We now turn to an explanation of the superior electric storage on the APP. The APP structure consists of PVDF main chains containing C = O and N-H radicles¹⁴ (Fig. 4a). The APP has rugged half-sphere surface (convex diameter of 2R, Fig. 4b) with nanometre-sized cavities. Notably, lattice contractions have been observed in nanometre-sized metallic particles, such as silver¹⁵, copper and platinum¹⁶ and gold¹⁷. Such contractions are due to the extreme confinement of the inner electrons—the so-called quantum-size effect^18,19. This effect is interpreted by screening multiple inner-combined electrons for a strong positive-charge nucleus²⁰. Analogously, we inferred that the superior electric storage on the uneven APP surface is due to the same quantum-size effect, which induces a relative increase in the combined electrons, resulting in fewer free outer electrons from the screening effect. The convex-diameter dependencies of the calculated electrostatic potential and the induced outer electron pressure of fluorine atoms surrounding the APP structure are presented in Fig. 4c by means of the Thomas-Fermi (TF)’s electronic screening theory (discussed at length in the Supplementary Information). The decrease in diameter increases the negative potential and the positive pressure. The calculated potential was consistent with the experimental data at a convexity of 14 nm in diameter. A microscopic schematic is provided in Fig. 4d. In sharp contrast to conventional EDLC, in which its electrode is parallel to the circuit, the electrically- negative convex portion of APVEP main chains and the electrically-positive concave one dominated by C=O and N-H radicles with permanent dipoles²¹ form many electric double layers (EDLs) perpendicular to the electrode (see Fig. S4 in Supplementary Information). This model shows that the more an EDL’s density increases (namely, the more convex-diameter decreases due to quantum-size effect), the more the electric storage increases. The uneven surface serves as a series of resistors for an insulation layer with tiny capacitors through the bulk, as shown in inset of Fig. 2c. Thus, in comparison with EDLCs, the APP device has some advantages, such as a wide operation temperature, higher charging/discharging voltage, larger integration, lighter weight and prevention of IV drop at long distance from electrodes.

Figure 4

(a) Structural model of the APP with green fluorine, grey carbon and red oxygen atoms and possible structure with nanometer-sized clusters. (b) Schematic diagram for calculations based on the Thomas-Fermi statistical method. (c) Porous-distance dependence of the electron potential and pressure for the concave and convex portions. (d) Schematic representation of the microscopic electric energy storage used in this study.

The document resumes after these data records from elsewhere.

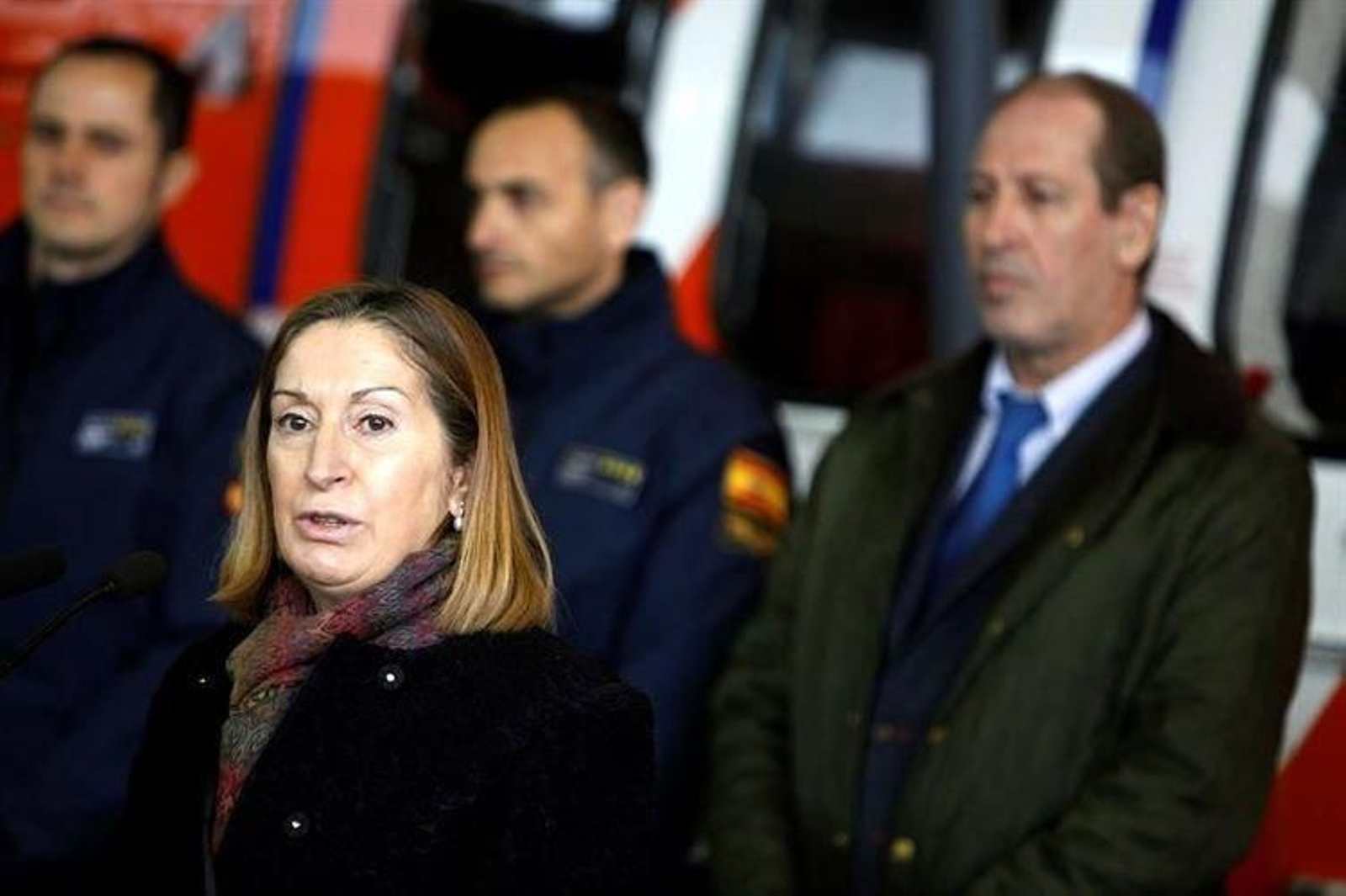 La ministra de Fomento en funciones, Ana Pastor, durante la presentación hoy del balance de la Sociedad de Salvamento y Seguridad Marítima (Sasemar) correspondiente al año 2015 en el aeropuerto coruñés de Alvedro.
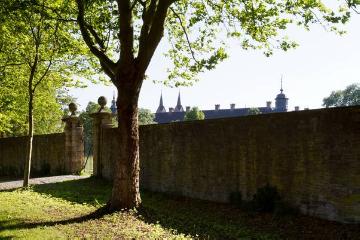 Schloss und Kloster Corvey, bis 1792 Benediktinerabtei: Blick aus Richtung Weser auf die Klostermauern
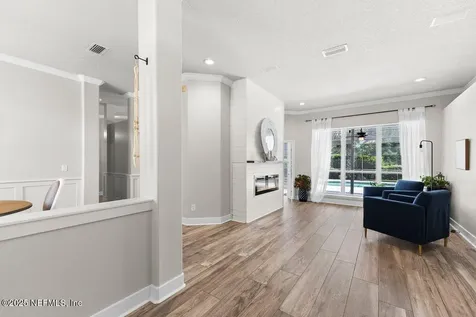 1759 Rising Oaks Drive Jacksonville FL 32223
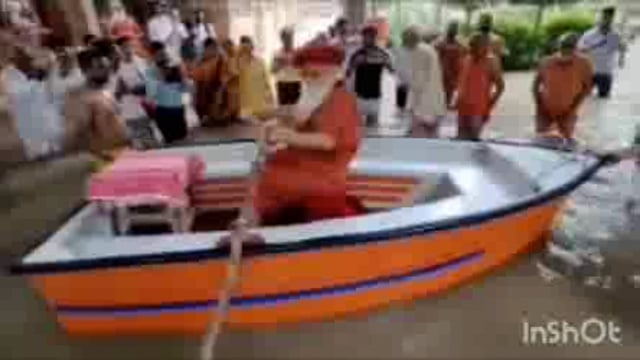 श्री श्री 1008 गुरु शरणानंद जी महाराज द्वारा दमणित में पहुंची जमुना जल में की गई नौका विहार कर किया रमणरेती का भ्रमण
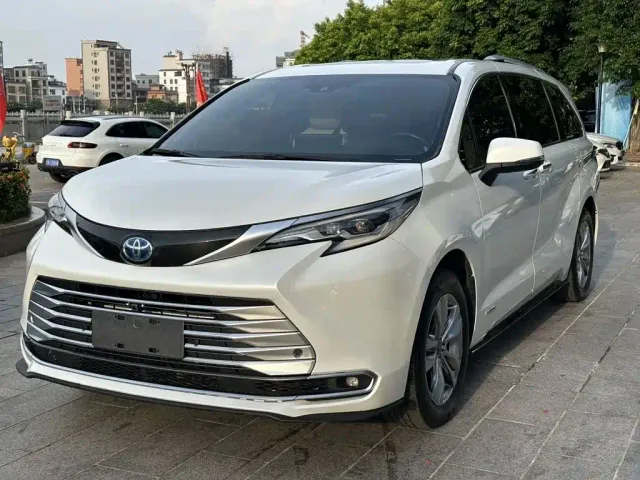 Фотография автомобиля — Toyota Sienna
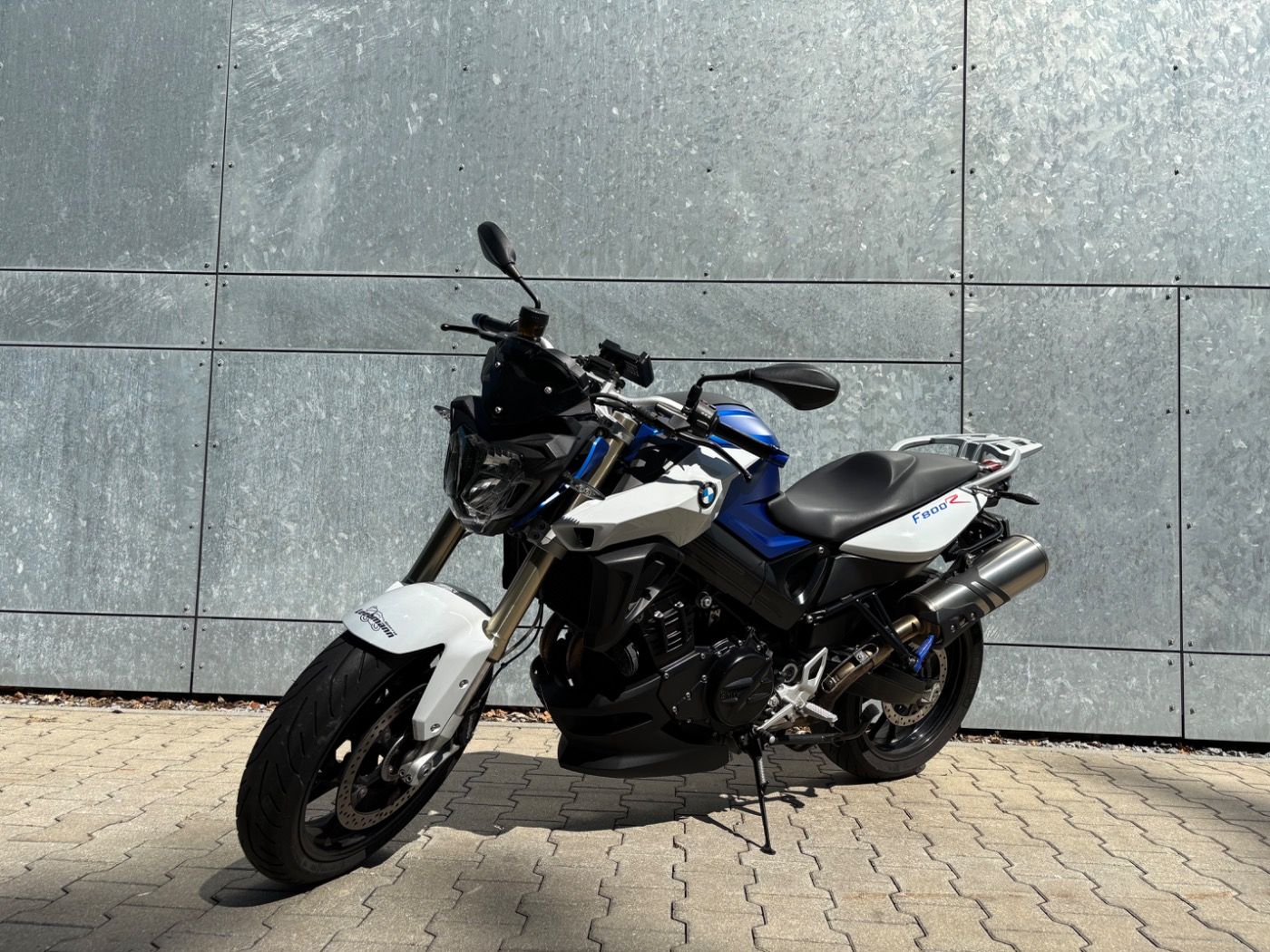 Fahrzeugabbildung BMW F 800 R Touren- und Dynamikpaket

We demonstrated the storage potential for the APP given its nanometre-sized cavities on an uneven surface. The APP has a high work function, measured at 10.13 eV and it succeeded in illuminating an LED. We inferred that the potential for electric storage is related to the quantum-size effect derived from the TF theory. The integration of the film with a micro-electro mechanical system is likely to provide even higher levels of charge storage for portable electric application.

Methods

The APVEP film with nanometre-cluster was prepared by doping a 3-aminopropyl (triethoxy) silane-coupling reagent into the APP. Sheet specimens with a thickness of 15 μm were fabricated on the Si substrate by spin-coating. The specific density, glass-transition temperature and water-adsorption rate was 2.03, 471 K and 0.01%, respectively²². The devices were fabricated mechanically⁸.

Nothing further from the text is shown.